L’ordonnance rendue par le juge des référés est elle-même susceptible d’un appel dans les huit jours suivant sa date, ensuite, l’arrêt d’appel est susceptible d’un pourvoi en cassation devant le Conseil d’État.

Ensuite, le recours contre le procès-verbal de saisies conservatoires, prévu à l’article L. 252 B du LFP, permet au contribuable de saisir le juge administratif des référés pour obtenir la main levée des saisies conservatoires dans les quinze jours de leur signification. 

Le juge administratif des référés va se prononcer sur le bien-fondé de la saisie conservatoire en veillant à l’existence même d’une créance dont le recouvrement serait menacé et à ce que le montant de la saisie conservatoire soit conforme au chiffre d’affaires réalisé par l’entreprise. 

Il apprécie également le préjudice causé à l’entreprise du fait de cette saisie conservatoire. 

Enfin, il vérifie que le procès-verbal des saisies conservatoires a été correctement rédigé et régulièrement notifié au contribuable. 

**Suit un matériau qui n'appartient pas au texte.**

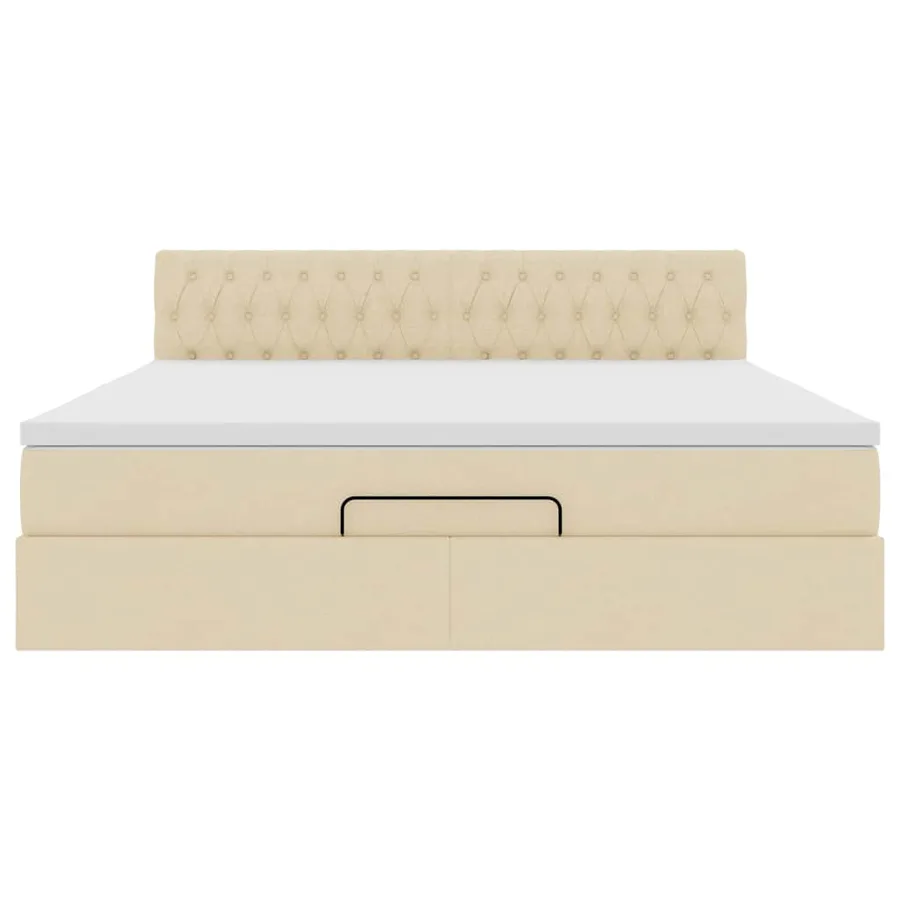 Cadre de lit ottoman avec matelas crème 180x200 cm tissu - 7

En revanche, le juge administratif des référés n’est pas compétent pour apprécier la forme de la saisie, la forme relève de la compétence du juge judiciaire.

Le juge administratif des référés rend une ordonnance dans les quinze jours de sa saisine, ordonnance susceptible d’appel introduit dans les mêmes conditions que celles applicables en matière de recours contre le procès-verbal de flagrance fiscale

Il est important de constater que les deux procédures de référé sont potentiellement cumulatives. Dès lors, le contribuable est autorisé à introduire de façon simultanée ou de façon très rapprochée le référé pour contester le procès-verbal de flagrance fiscale et le référé pour contester la mise en œuvre des saisies conservatoires.

Si le juge des référés constate l’irrégularité du procès-verbal de flagrance fiscale, cela va emporter l’annulation de tous les effets de la procédure et automatiquement la main levée des saisies conservatoires.

En revanche, si le juge des référés constate l’irrégularité des saisies conservatoires, cela emporte la mainlevée immédiate des saisies conservatoires, mais il n’y aura aucune incidence sur la procédure de flagrance fiscale.

Concernant les sanctions autonomes pouvant être appliquées par l’administration fiscale, le juge administratif des référés n’est pas compétent pour se prononcer sur leur bien-fondé.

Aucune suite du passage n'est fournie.